Note: This script is a simple demonstration of the concept that has significant limitations: there is no error handling, the only action is to drop traffic, and FlowSpec comparison operators are ignored. The script is is based on the article RESTful control of Cumulus Linux ACLs.

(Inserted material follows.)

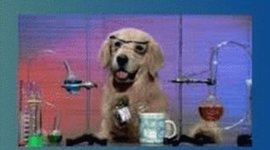 Timeline: Historia de la enzimología.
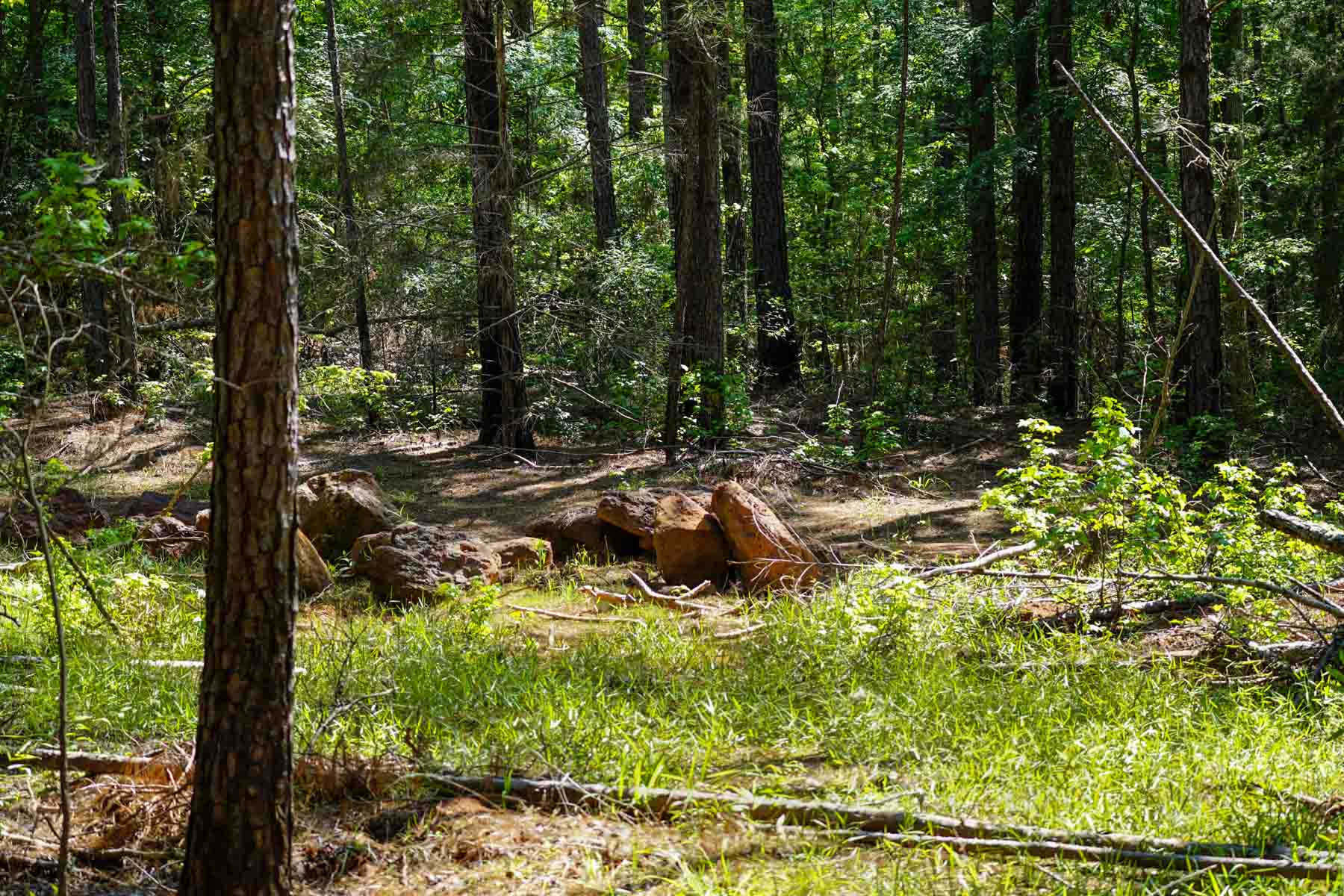 Iron Bridge Creek Ranch property picture 31 of 84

Update July 6, 2017: An improved version of the acl.py script is now available in the ExaBGP repository on GitHub, see flow.py

Next, create the exabgp.conf file:

process acl {
   run ./acl.py;
   encoder json;
}

template {
  neighbor controller {
    family {
      ipv4 flow;
    }
    api speaking {
      processes [ acl ];
      neighbor-changes;
      receive {
         parsed;
         update;
      }
    }
  }
}

neighbor 10.0.0.70 {
  inherit controller;
  router-id 10.0.0.140;
  local-as 65140;
  peer-as 65070;
  local-address 0.0.0.0;
  connect 1179;
}

Finally, run ExaBGP:

sudo env exabgp.daemon.user=root exabgp-4.0.0/sbin/exabgp exabgp.conf

This configuration instructs ExaBGP to connect to the controller, 10.0.0.162, and prepare to receive BGP FlowSpec messages. When a BGP message is received, ExaBGP decodes the message and passes it on in the form of a JSON encoded string to the acl.py program. For example, the following FlowSpec message was sent to block an NTP reflection DDoS attack (traffic from UDP port 123) targeting host 192.168.0.1:

{
 "exabgp": "4.0.0",
 "time": 1498868955.31,
 "host": "tor-router",
 "pid": 3854,
 "ppid": 3849,
 "counter": 6,
 "type": "update",
 "neighbor": {
  "address": {
   "local": "0.0.0.0",
   "peer": "10.0.0.70"
  },
  "asn": {
   "local": "65140",
   "peer": "65070"
  },
  "direction": "receive",
  "message": {
   "update": {
    "attribute": {
     "origin": "igp",
     "as-path": [
      65140
     ],
     "confederation-path": [],
     "local-preference": 100,
     "extended-community": [
      9225060886715040000
     ]
    },
    "announce": {
     "ipv4 flow": {
      "no-nexthop": [
       {
        "destination-ipv4": [
         "192.168.0.1/32"
        ],
        "protocol": [
         "=udp"
        ],
        "source-port": [
         "=123"
        ],
        "string": "flow destination-ipv4 192.168.0.1/32 protocol =udp source-port =123"
       }
      ]
     }
    }
   }
  }
 }
}

The acl.py script wrote the file /etc/cumulus/acl/policy.d/60flowspec1.rules with an iptables representation of the FlowSpec message:

[iptables]
-A FORWARD --in-interface swp+ -p udp -d 192.168.0.1/32 --sport 123 -j DROP

The acl.py script also invoked the cl-acltool command to install the new rule, which can be verified using iptables:

sudo iptables --list FORWARD
Chain FORWARD (policy ACCEPT)
target     prot opt source               destination         
DROP       all  --  240.0.0.0/5          anywhere            
DROP       all  --  loopback/8           anywhere            
DROP       all  --  base-address.mcast.net/4  anywhere            
DROP       all  --  255.255.255.255      anywhere            
DROP       udp  --  anywhere             192.168.0.1          udp spt:ntp

The attack traffic is now dropped by the switch. In a hardware switch, this entry would be pushed by Cumulus Linux into the hardware, filtering the traffic at line rate to provide Terabit traffic filtering.